To better understand the internal and systemic constructs affecting service delivery and practices, the QI teams will evaluate practices and identify enhancements and/or necessary system changes that address operational issues to improve present case practices. Together with its QI partners (Risk Management Division, Quality Service Review, Core Practice Model, and Training), the teams will provide feedback regarding practice strengths/gaps and system barriers and support skill development of workers and supervisors.
- Implement a tracking system to monitor the implementation and results of recommendations resulting from child death reviews.
The Department will enhance its Child Fatality/Near Fatality (CF/NF) system so it better delineates action items and creates feedback loops with regional offices addressing issues noted on Summary of Findings reports. The system will include action items and note progress made towards addressing systemic issues identified in both case reviews and Administrative Review Round Tables.
Additionally, enhancements have been made in the past year to the Department’s review process to assist the regional offices with implementation of recommendations made as a result of child death reviews. A comprehensive Summary of Findings is sent at the end of each review to regional office administrations to be shared with SCSWs and CSWs detailing the strengths of the practices and how case practices can be further strengthened. Coaching guides, skill building tips, as well as suggested questions to be asked by CSWs when conducting investigations are provided to increase capacity. These tools enable workers to elicit better responses from families and build rapport to identify abuse and neglect, and determine what actions needs to be taken to ensure child safety.
Finally, supervisory issues identified will be specifically outlined in reports. Our primary objective is skill-building and increasing capacity with regional management and SCSWS. The goal is to provide tools to better assist CSWS with training, investigations, more comprehensive assessments, and identifying child safety, as well as how to assess for parents’ protective factors.
CALIFORNIA STATE AUDITOR’S COMMENT ON THE RESPONSE FROM THE LOS ANGELES COUNTY DEPARTMENT OF CHILDREN AND FAMILY SERVICES
To provide clarity and perspective, we are commenting on the department’s response to our audit.
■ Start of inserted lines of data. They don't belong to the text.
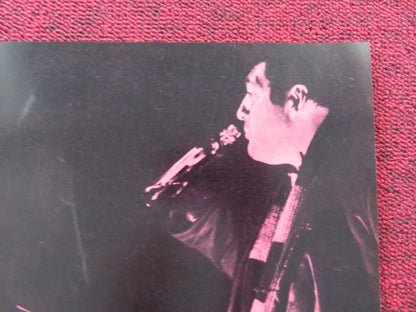 ANDY - F ITALIAN FOTOBUSTA POSTER NORMAN ALDEN TAMARA DAYKARHONOVA 1965 - Rendezvous Cinema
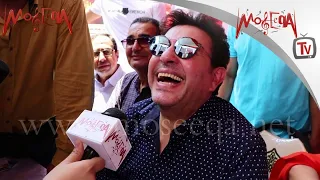                                                                      دندنها
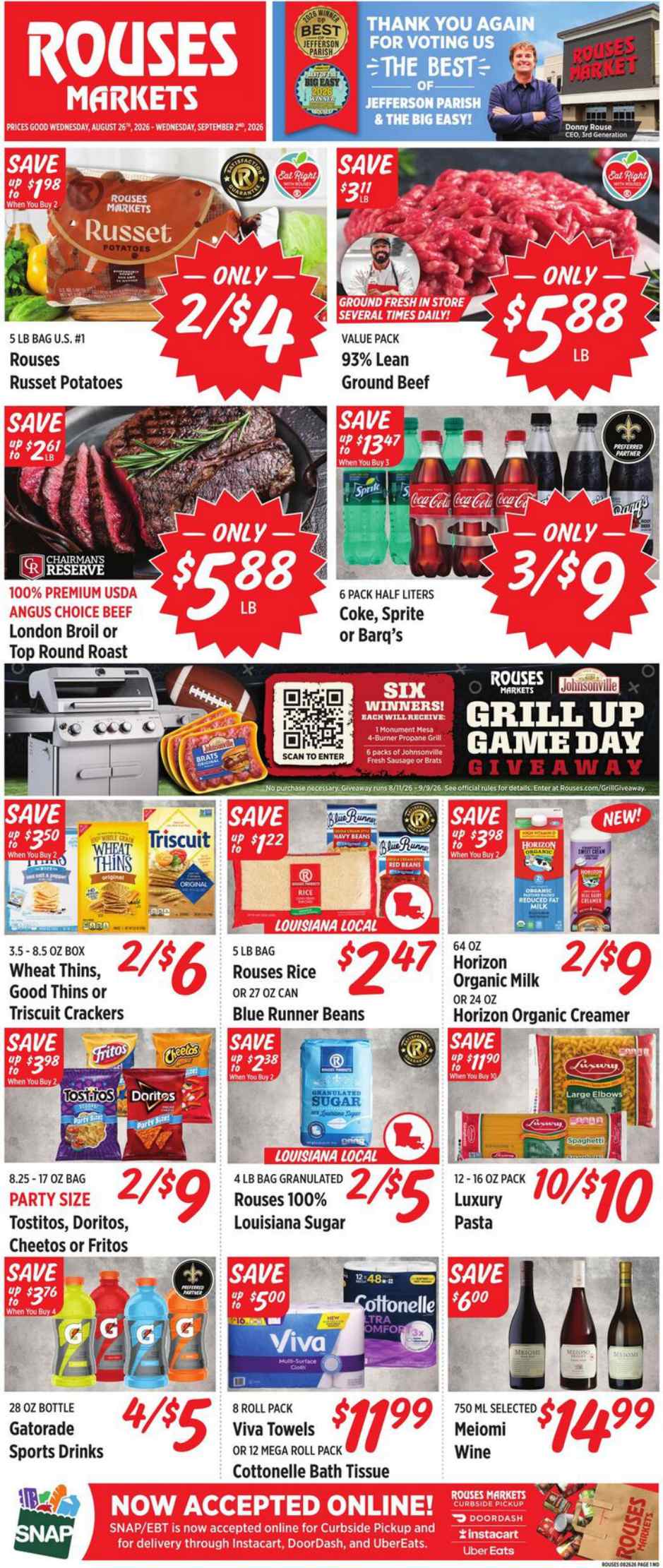 Rouses_weekly_ad_082626_01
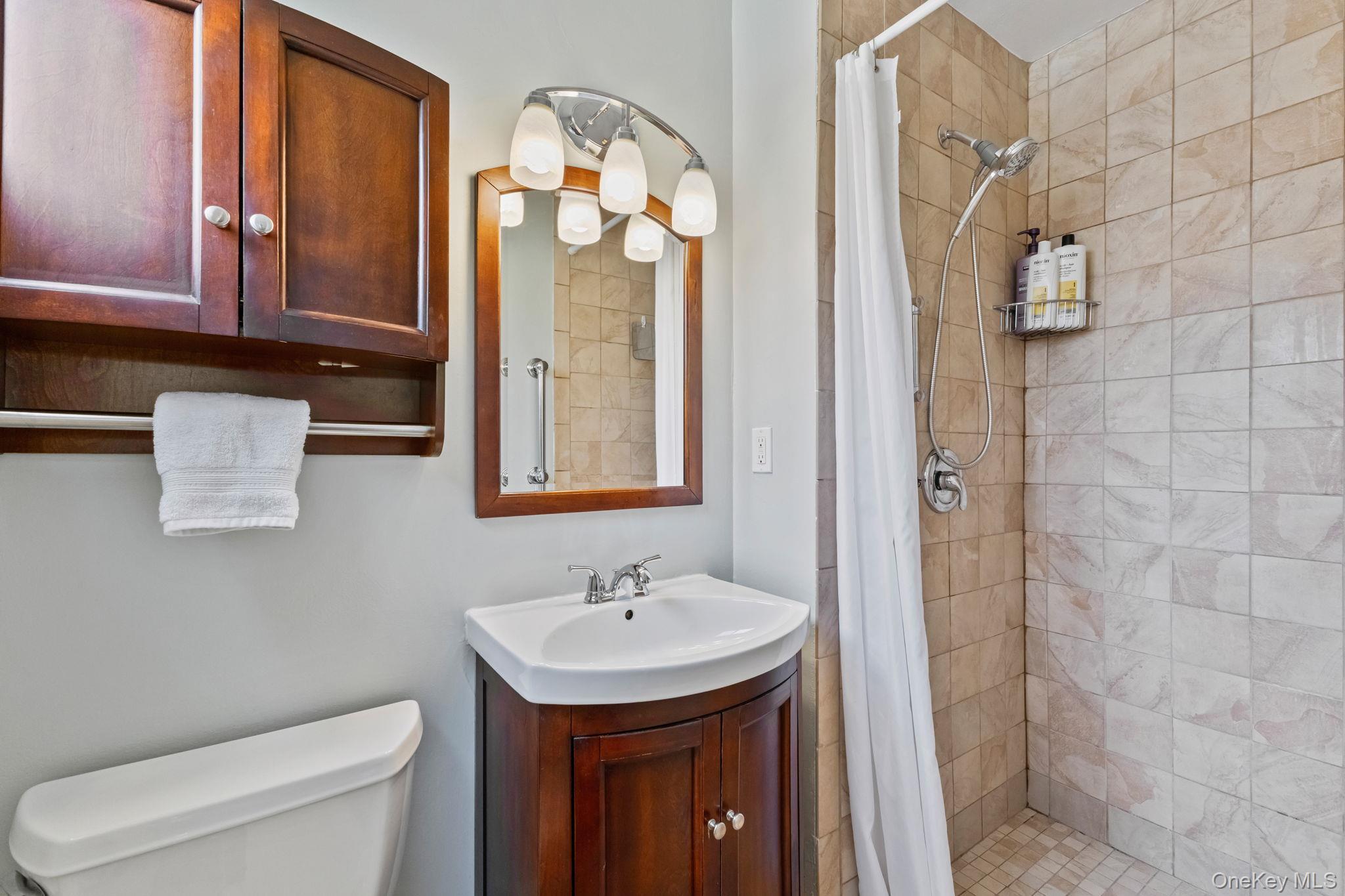 #15 photo, 45 Parkway Drive, 紐約州 Rye , NY 10580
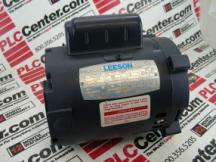 REGAL REXNORD A4C34DC12E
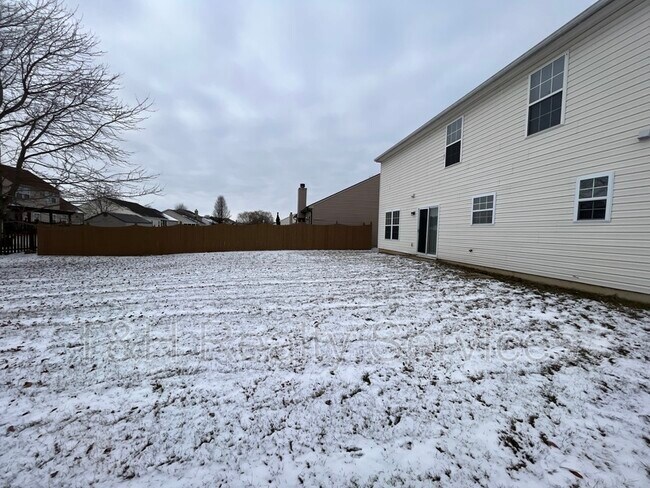 Foto del edificio - 6653 Southern Cross Dr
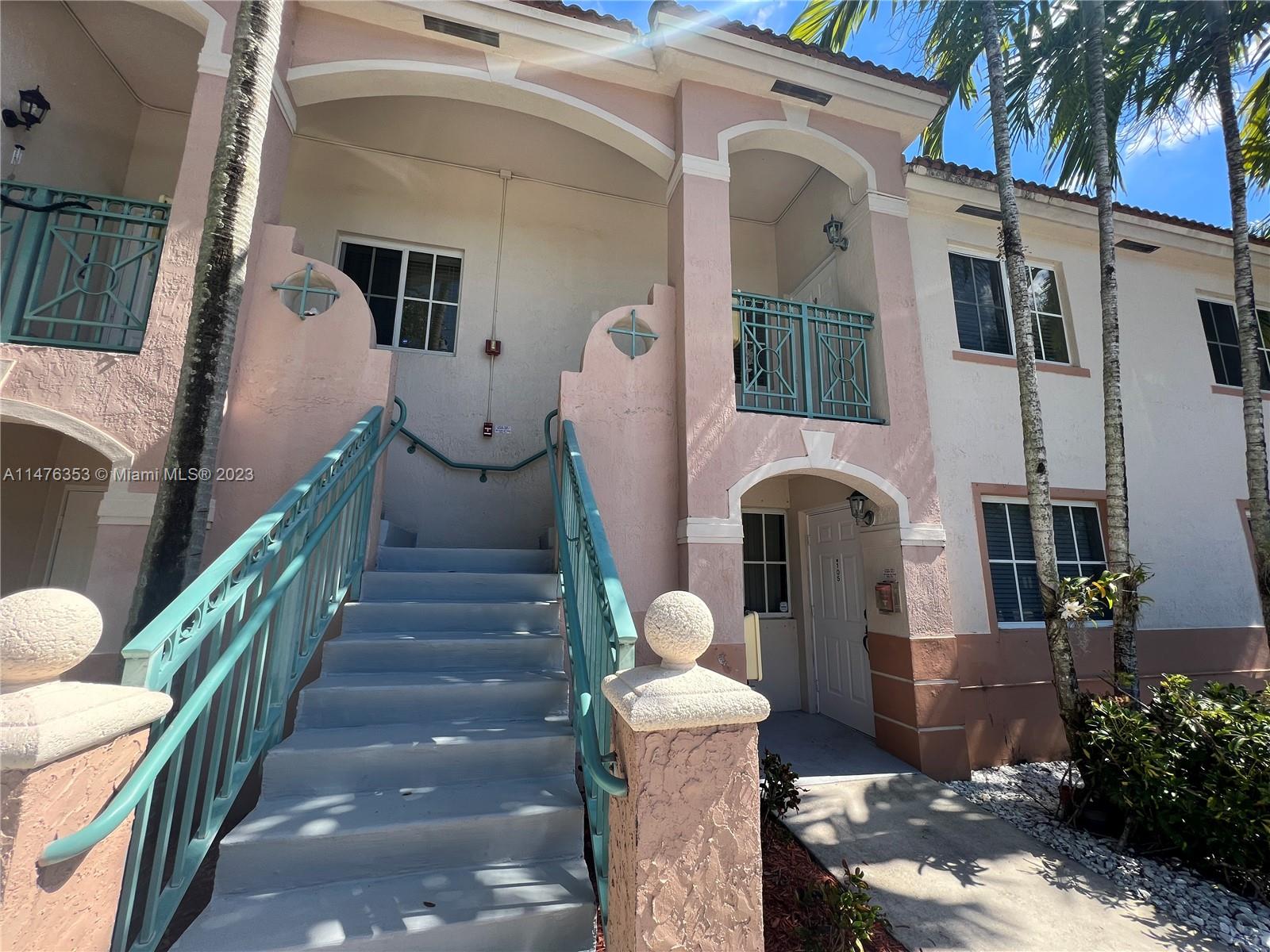 2125 NW 77th Way # 205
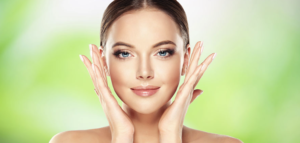 Como Montar Uma Clínica De Harmonização Orofacial Em Belo Horizonte?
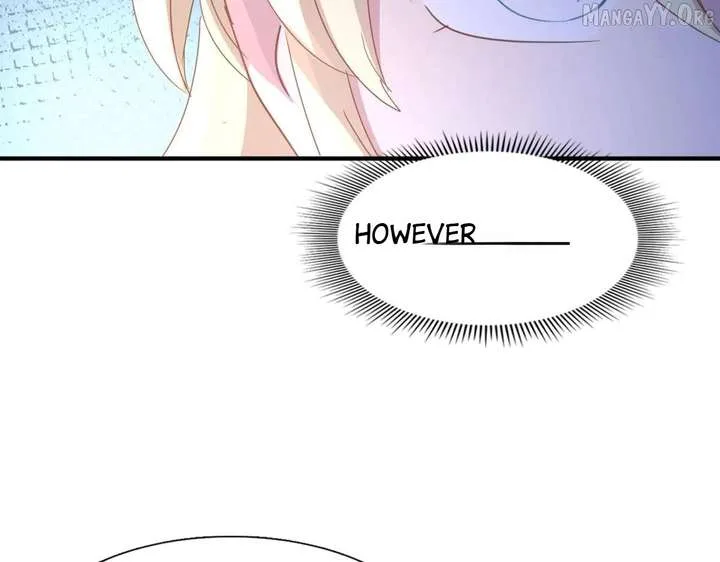 Don’t Embarrass Me Chapter 176 page 11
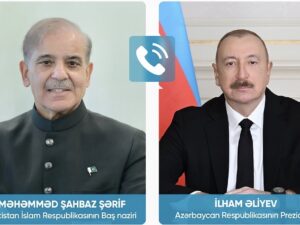 image-screenshot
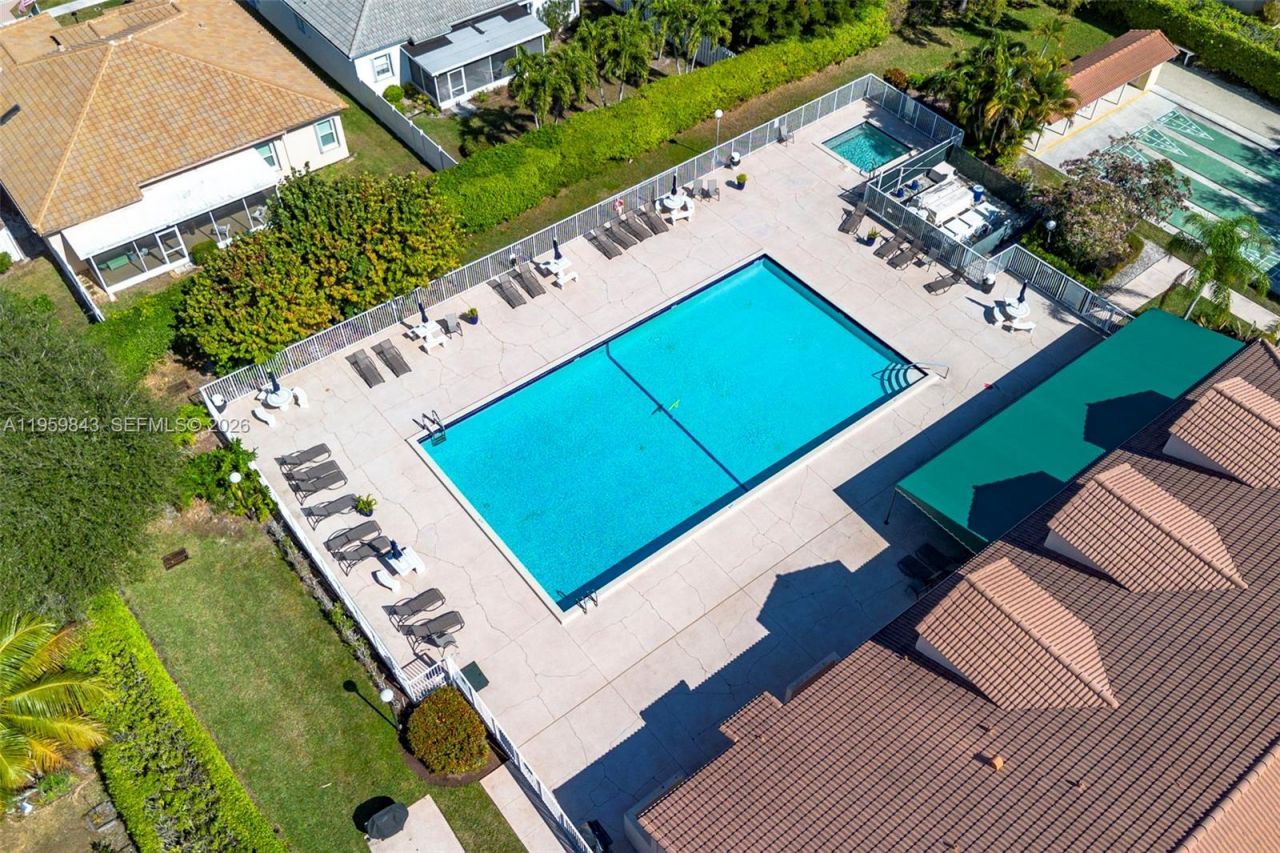 4024 Summer Chase Ct, Lake Worth, FL 33467 Photo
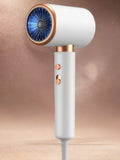 Constant Temperature Household Hair Dryer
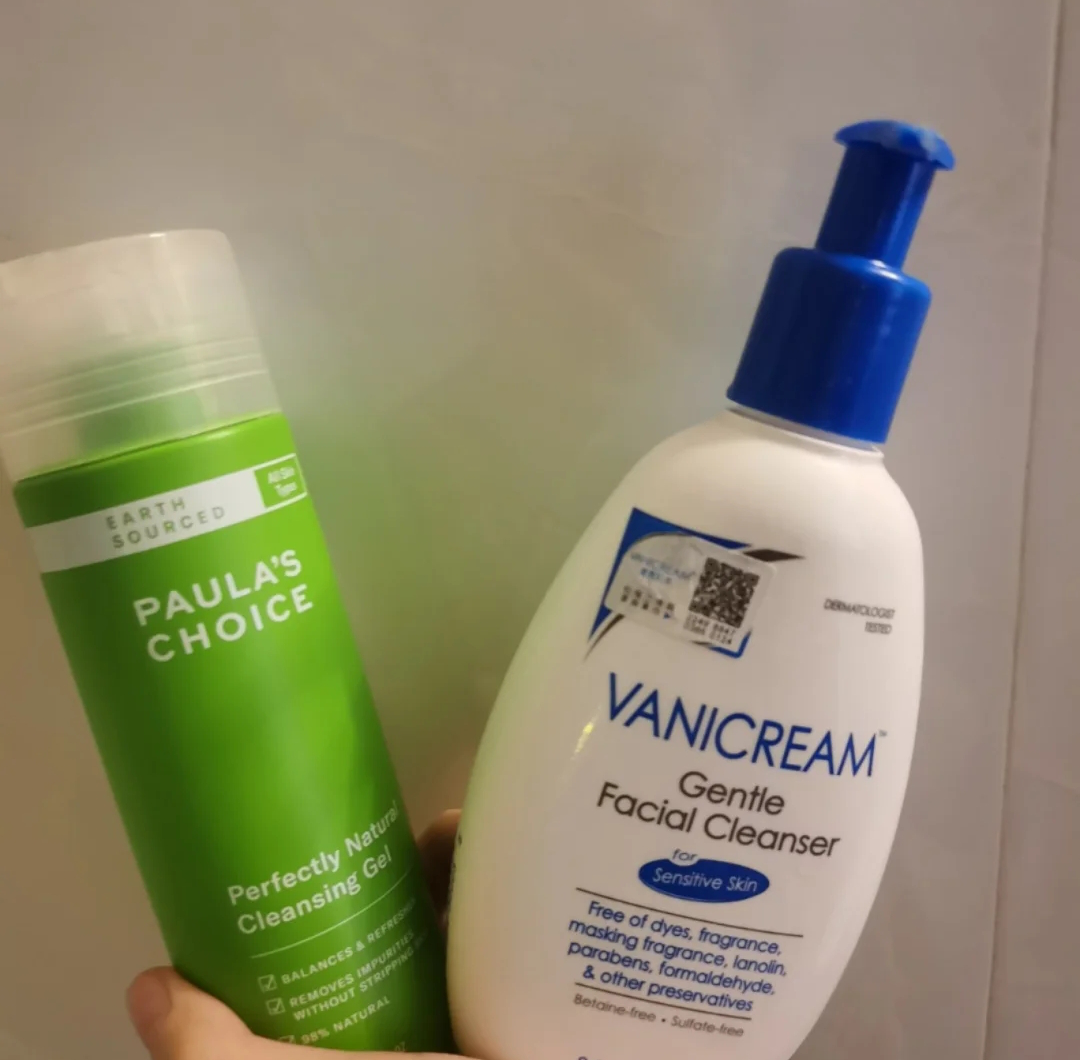 碗盆妈咪|3款好评如潮,唯独我孕期用不惯的网红护肤品!这4款才是孕妈真爱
The number below corresponds with the number we have placed in the margin of the department’s response.
Although the department agreed with our findings and recommendations, some of the descriptions of its intended actions do not clearly outline how and when it will fully implement our recommendations. We look forward to receiving its 60‑day response to this report identifying its progress and plans for implementing our recommendations.